**EXERCISE GOAL**
Copy each line below as written, but skip the pictures.

**RECORDED DATA**
----------------------------------------

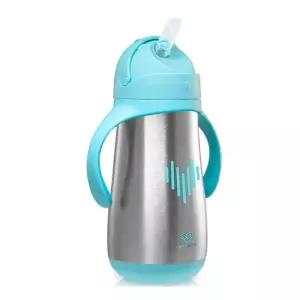 유미 유아 스텐 빨대컵 보온 보냉 휴대용 350ml 민트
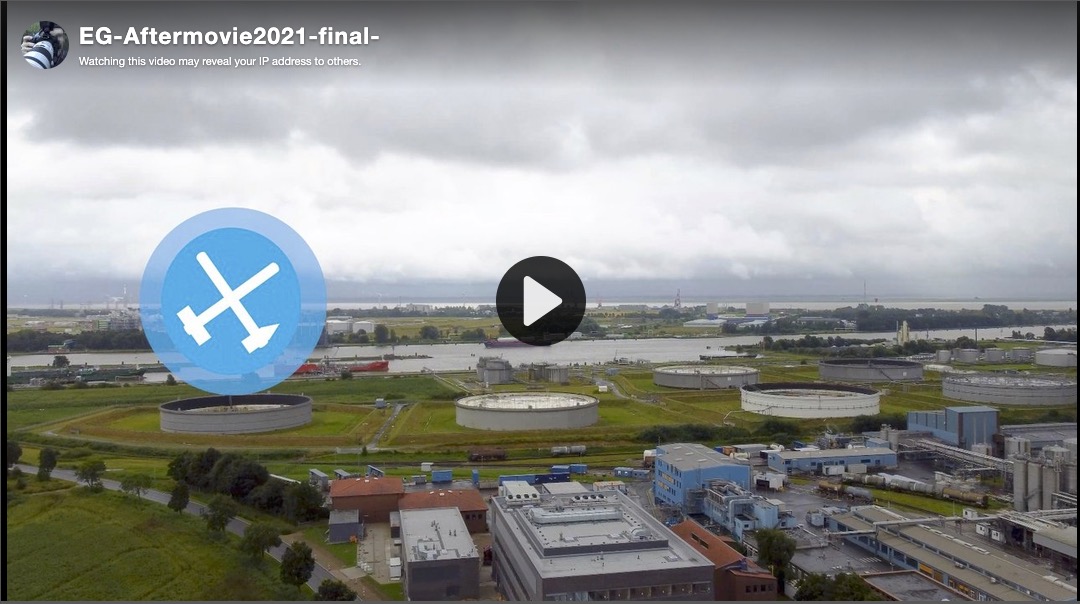 Startbild und Link zum Video Ende-Gelände-Aftermovie 2021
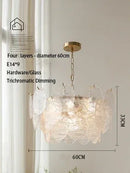 LED Glass Chandelier Modern Pendant Lamp for Restaurant Living Room Bedroom Home Decor Lighting by Ljojo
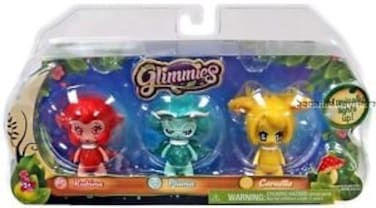 GLIMMIES Just Play Glimmies Collector Pack Rubina Pluma Cornelie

----------------------------------------

**EXERCISE ANSWER**
 유미 유아 스텐 빨대컵 보온 보냉 휴대용 350ml 민트
 Startbild und Link zum Video Ende-Gelände-Aftermovie 2021
 LED Glass Chandelier Modern Pendant Lamp for Restaurant Living Room Bedroom Home Decor Lighting by Ljojo
 GLIMMIES Just Play Glimmies Collector Pack Rubina Pluma Cornelie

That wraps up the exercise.